When will I stop dreaming about him?

iVillage Member
Registered: 08-16-2005
When will I stop dreaming about him?
2
Tue, 05-08-2007 - 10:11pm

I've never truly introduced myself, but I needed to write. I asked my h to leave just before xmas last year and has been living with his parents ever since. Our (his) history in our almost 7 year marriage includes alcoholism, infidelity, etc. His last "friend" broke this camel's back when I asked him to leave. We have 2 children, almost 4 year old twins. He has seen them almost every day since leaving and we have been getting along very well. The process has gone smoothly and we are going to court this Friday (gulp!) What I want to know is when will I stop dreaming of him? I don't mean bad dreams...which finally stopped a few months ago...just regular dreams. He's in every one of them and in my dreams it's like nothing ever happened. We are together, parents, lovers, and friends. Almost every dream I have he is in. Now, since he left, I have given him one hug when his father was diagnosed with cancer. Otherwise it's been purely platonic and friendly. I actually avoid touching him. I have my moments of pure hatred and betrayal, but my good days are finally outweighing my bad days. But, why do I dream like this??? Will there be one day where I will dream of us actually divorced? Or dealing with visitations? Things that are actually going on in my real life. I'm just confused and its beginning to make me wake up sad. It's like throwing it in my face what I no longer have. What my life is no longer about. Could this be happening more because court is coming up?? Because our (would be) 7 year anniversary would be in 2 weeks?? Maybe that's why. Oh who knows.

Just wondering if I'm the only one.

Thanks!!
Karie

iVillage Member
Registered: 05-07-2007
Tue, 05-08-2007 - 11:15pm
Karie,
Oh my Gosh no you are not the only one who dreams of the former every night. I was married for eight years.
Our issues were very similiar alcohol except his affairs were with the internet. At least prior to the separation.
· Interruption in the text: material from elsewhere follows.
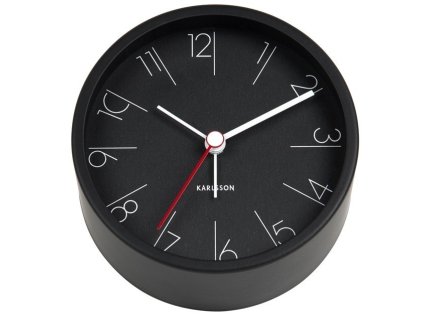 Designový budík 5648BK 11cm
He then moved half way across the US to chase his music career(he was in his mid 40s). He left me behind with our then four year old son and all the household bills. He felt I made enough money and could survive. Unfortunately, durring this time one of my old boyfriends from way back called and I started an emotional affair with him. HUGE MISTAKE!!! I first asked for the divorce because I was tired of supporting him and did not want to move to Vegas. I also thought my life would be so much better without all the emotional abuse. We were separated 3 and half years, but had a revolving door. We actually were back together about a year of that. Of course I then found out after a couple of his girlfriends calling my house he wasnt Mr. Innocent. Then last March he gave me divorce papers. Our divorce was final in August but we were dating eachother and more until the weekend before Thanksgiving when he told me he met someone on Match.com and wanted this new relationship to work. Now mind you during the month of December and January he was still affectionate towards me. Our six month waiting period was over February 25th and on February 26th he married Ms. Match.Com...whom has two kids two years apart and two different dads. But their relationship was centered around the Lord. I suppose that made it ok to have my son see the two of them in the same be prior to the marriage. They did not even invite our son to the wedding. He told our son when he picked him up from school.
They bought a home(the one I originally wanted but was told we could not afford) 15 blocks west of my home. NICE.
Ok so enough of the background. I think about him all the time and as sick as this may be still love him very much. I have had to build some strong boundaries. I dream of him every single night. I tell myself when I go to bed that I am not going to dream of him and sure enough I do. Sometimes it is like nothing ever happened. Other times I am fighting to tell my side of the story and plead my case of love for him. One time I even dreamed I was at their wedding and I started spitting all over them. I wake up often in the night and say ok you are NOT going to dream of him. Then of course I do.
I have been told it just takes time. Well this time seems to be the longest time ever. I have also been told I just need to find someone to replace him with in my dreams. However I dont want anyone else. Now that is very sick.
My mother thinks I am crazy because I tell her I dream about him. She replies how can you even think of that monster they must be nightmares.
Not really a solution more of just a yeah I totally hear you.
Avatar for hwh50
iVillage Member
Registered: 05-02-2001
Wed, 05-09-2007 - 4:20am
I'm 57 years old and my h of 30 years left me and divorced me. I never stopped dreaming about him or loving him. He came back 3-1/2 years later and asked me to marry him again. I took 3 months to think about it and finally said yes. It lasted 2 years and he left again, that was 2 years ago. I still dream of him and I'll always love him. During our first divorce I dated 1 guy for 3 months and couldn't have sex with him the first few times because I felt like I was cheating. I finally got past that, moved on and it was great. But I never stopped loving or thinking about my husband, he was and still is in my heart. I haven't even made an effort to date during this past 2 years because I still think about my h constantly. But I know when the time is right, my heart will let me know, just like before. If it weren't for the good dreams about him I don't know if I could go on. Hope this helps.